Halaman

Jumat, 30 November 2012

# 31 Gadis Kretek


Pengarang : Ratih Kumala
Penerbit : PT Gramedia Pustaka Utama
Cetakan Pertama, Maret 2012
275 hlm

Karena bulan ini merupakan bulan untuk postingan bersama mengenai karya yang masuk dalam nominasi Khatulistiwa Literary Award (KLA) maka sayapun membaca ulang novel Gadis Kretek ini. 5 besar KLA ke 12 bisa di lihat di sini yang ternyata dimenangkan oleh .............................. (bacalah sendiri hehehe...)

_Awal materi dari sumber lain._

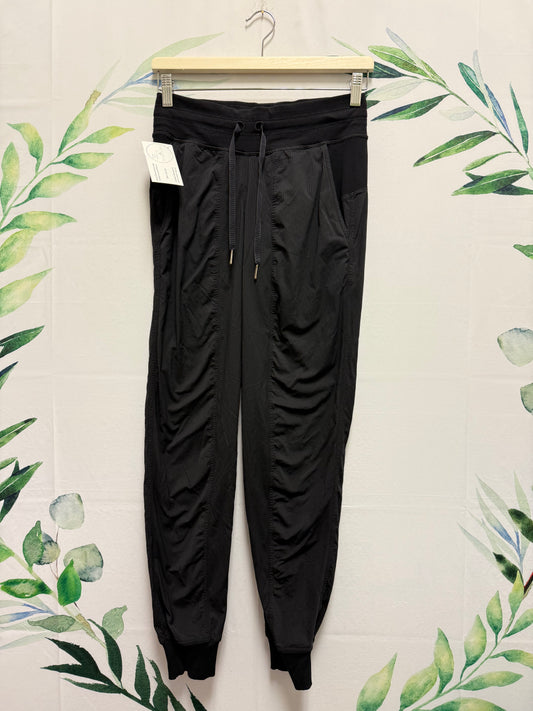 Lululemon Dance Studio MR Jogger (4)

Kembali ke Gadis Kretek, novel ini menceritakan tentang persaingan dan cinta segitiga di dunia kretek..
Meski saya tak begitu familiar dengan kretek ataupun rokok, namun dengan membaca novel ini saya merasa seakan-akan ikut mencium dan merasakan aroma kretek lewat setiap tulisan mbak Ratih ini.
Di mulai dengan peringatan di awal buku, peringatan yang sama yang sering kita baca di bungkus-bungkus rokok sekarang ini, bahkan kerap muncul saat iklan rokok ditayangkan di berbagai media.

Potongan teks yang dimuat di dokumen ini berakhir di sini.